Introduction
I’ve been blogging recently about Swift and SpriteKit, and that’s mostly eating up all my time, making me miss a blogging day, and also writing a completely useless post.
Now, to justify this, the previous three posts before that have been quite lengthy and informative, so it’s only natural that the bigger you are the harder you fall, lol.
This post is just me trying to recover from the fail streak I’ve been having.
What Happened?
Actually, what didn’t happen is I haven’t shipped my game yet. After three years of development on the side, it should have been released ages ago, and even new versions already out, but no … That never happened.
What did happen after that is I built a solid game prototype with my partner in two weeks. Two weeks vs Three years. And I am not talking about a throw away prototype, here. My partner suggested a throw away prototype, but I just went ahead and made it as solid as possible, with a simple yet rich architecture, that can easily evolve in the future.
How Is That Possible?
The infinitely long game was developed in Cocos2d-x using C++. It was initially built by a dump port of Objective-C code, and sustained all cocos2d-x’s updates … It evolved into a really shitty beast. Adding new assets, moving things around, changing animations speeds, and all that still takes me a few days to get right, that is insane!
Meanwhile, the new game prototype uses external tested components, and a very small footprint core engine that drives the game. Making new builds and testing takes seconds. And of course, the language I am using is Swift. It is truly a reflection of its name.
What Now?
Now, it’s time to upgrade into a real game developer.
Game development in itself is such a daunting and difficult task and doing it part time with hacks and workarounds isn’t sustainable. I did that a lot in the app development business, and it worked quite well, especially with a development cycle less than 1 month. Again, not in game development.

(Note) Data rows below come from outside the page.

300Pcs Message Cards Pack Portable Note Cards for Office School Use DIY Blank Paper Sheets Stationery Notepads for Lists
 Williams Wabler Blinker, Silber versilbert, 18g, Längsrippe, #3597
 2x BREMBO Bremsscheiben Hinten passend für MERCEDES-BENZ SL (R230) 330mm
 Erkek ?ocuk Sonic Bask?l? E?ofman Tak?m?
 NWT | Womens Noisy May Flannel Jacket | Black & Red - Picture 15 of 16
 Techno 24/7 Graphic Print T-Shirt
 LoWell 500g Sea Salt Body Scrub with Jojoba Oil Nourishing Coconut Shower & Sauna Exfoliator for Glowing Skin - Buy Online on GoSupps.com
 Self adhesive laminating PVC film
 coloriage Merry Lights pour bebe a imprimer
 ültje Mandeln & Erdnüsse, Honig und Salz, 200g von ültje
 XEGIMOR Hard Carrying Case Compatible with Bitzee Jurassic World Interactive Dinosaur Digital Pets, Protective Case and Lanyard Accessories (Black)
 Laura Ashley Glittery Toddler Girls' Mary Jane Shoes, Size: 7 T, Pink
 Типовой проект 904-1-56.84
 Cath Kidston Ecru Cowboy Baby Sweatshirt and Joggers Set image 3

It’s time to actually architect each component separately, test it, and decide on the integrations. You’d probably be reading this and saying “But, of course!”. Well, I am the only programmer in the team, and buying in to such approach is a huge time investment, that requires significant solo experience, since you don’t have much people around to bounce ideas off of.
Conclusion
In a nutshell, if you are doing game development for real, and looking to have that as you long term goal, STOP hacking and START building!, and remember, it’s not a sprint, it’s a marathon.